Congressional candidates square off at Pittsburgh Mills forum
Candidates from three Western Pennsylvania congressional districts talked health care, jobs and their backgrounds at a Friday luncheon in Frazer.
The Alle Kiski Strong Chamber of Commerce hosted the forum, capping attendance at 100 people, many of whom were involved in business or politics.
In attendance were U.S. Rep. Keith Rothfus, R-Sewickley, and U.S. Rep. Conor Lamb, D-Mt. Lebanon, who are facing off in the 17th District; U.S. Rep. G.T. Thompson, R-Oil City, and challenger Susan Boser, D-Indiana, campaigning in the 15th District; and state Sen. Guy Reschenthaler, R-Jefferson Hills, and Bibiana Boerio, D-Unity, who are campaigning in the 14th District.
Each candidate was given 10 minutes for a speech and attendees could approach them afterward to ask questions.
Born in Latrobe to a father who was a tool-and-die maker with a second job driving a school bus, she went to work at Ford Motor Co. as an entry level accountant and worked her way to senior executive at the company, Boerio said. Then she worked as chief of staff for former Delaware County Rep. Joe Sestak.
Unemployment remains too high and wages too low in parts of her district like Fayette and Greene County, she said. Investments in infrastructure and broadband, along with affordable health care, are keys to improving employment and wages, she said.
“We need leaders who are willing to step up and do what is best for our country. I think we need public servants who serve the public,” she said.
The South Hills state senator told the crowd he earned a law degree from Duquesne University and then pursued a childhood dream of serving in the military, becoming a Navy prosecutor.
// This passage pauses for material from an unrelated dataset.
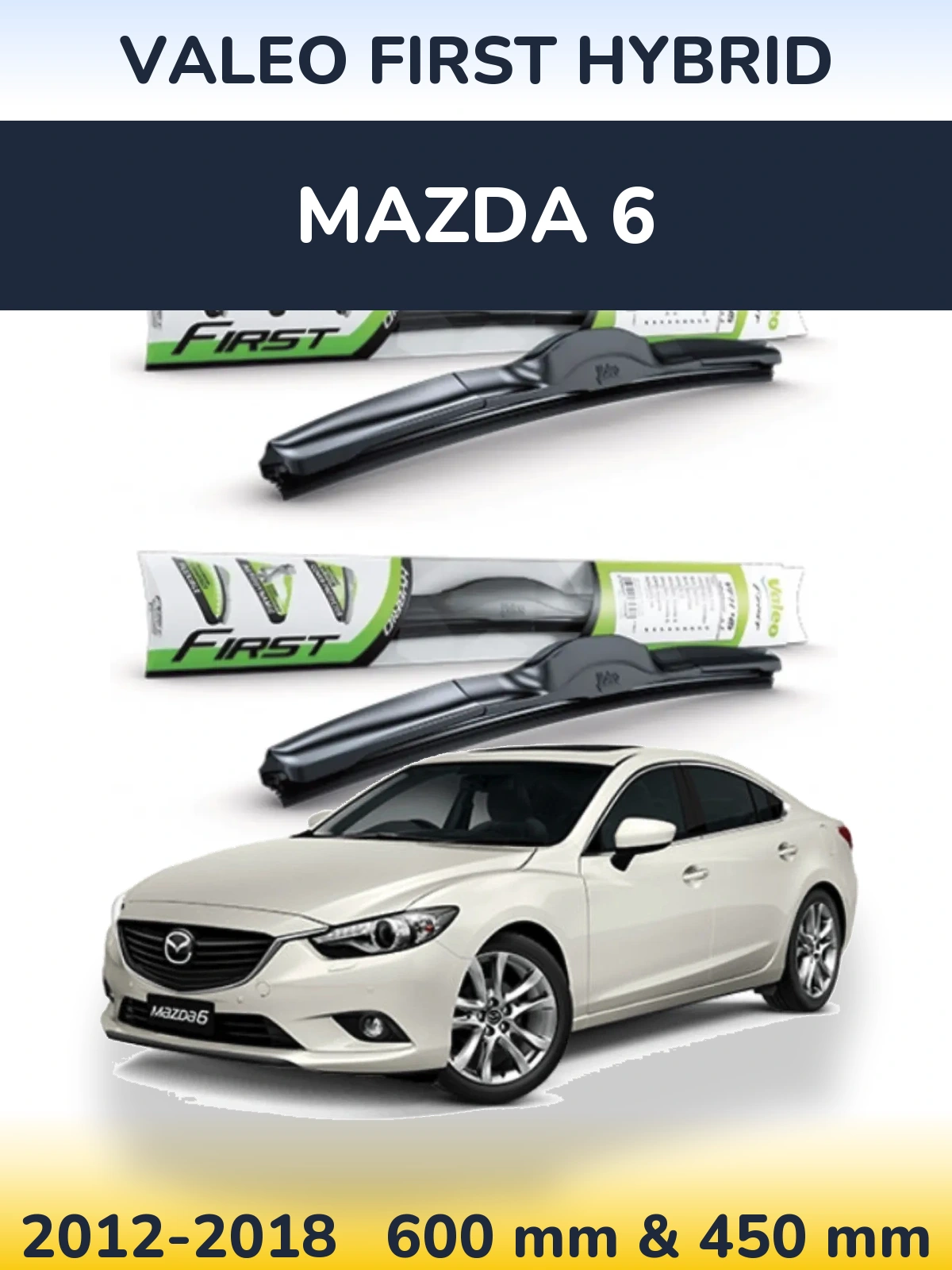 Komplet przednich wycieraczek Valeo First Hybrid 600 & 450 mm do Mazda 6 2012-2018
He practiced law before winning an election as a district judge and then as a state senator.
Reschenthaler said he focused as a state senator on judicial reform, economic growth, animal welfare and mental health treatment. He said Medicare and Social Security need to be protected.
“I pride myself on teamwork, getting things done and caring about people, not party,” he said.
New to politics, Boser said she worked for 20 years in human services before earning a doctorate in policy from Cornell University. She focused on improving how Medicaid works in rural New York counties and now teaches at Indiana University of Pennsylvania.
She said she wants to tackle the problems facing the vast rural territory of the 15th District, including opioid addiction, domestic problems and higher suicide rates than in urban areas.
“I believe deeply in the value of small towns. I’ve lived in one pretty much my whole life,” she said.
The five-term congressman worked as a therapist and nursing home administrator before his election in 2008.
He said the best thing Congress can do to “fuel economic engines” is to help create “qualified, trained employees.” He said a career and technical education bill that he authored, and which the president recently signed into law, restores “rungs on the ladder of opportunity.”
“I work very hard to make sure every bill I introduce is bipartisan,” he said.
The first-term congressman is a Marine Corps veteran and former federal prosecutor.
He cited the statistic that Pennsylvania has the second-highest number of structurally deficient bridges in the country in renewing his call for the infrastructure investments that President Donald Trump promised during his campaign. The state’s poor infrastructure is a drag on the economy, as is the high cost of health care, he said. He said Medicare should be negotiating drug lower drug prices with pharmaceutical companies, blaming its failure to do so partly on pharmaceutical companies’ campaign donations.
“Neither party has the complete answer, and neither party should be proud of the fact we haven’t gotten it done yet,” he said of the proposal.
The three-term congressman is an attorney who served as the first director of the Department of Homeland Security’s Center for Faith-Based and Community Initiatives.
Rothfus credited Republican Party policies with recent economic growth, saying the corporate tax cuts in the Tax Cuts and Jobs Act could help bring companies back from overseas. He talked about the need for more workforce development, opioid treatment and regulatory relief.
“We’re delivering relief because we know the importance of getting capital to new businesses,” he said.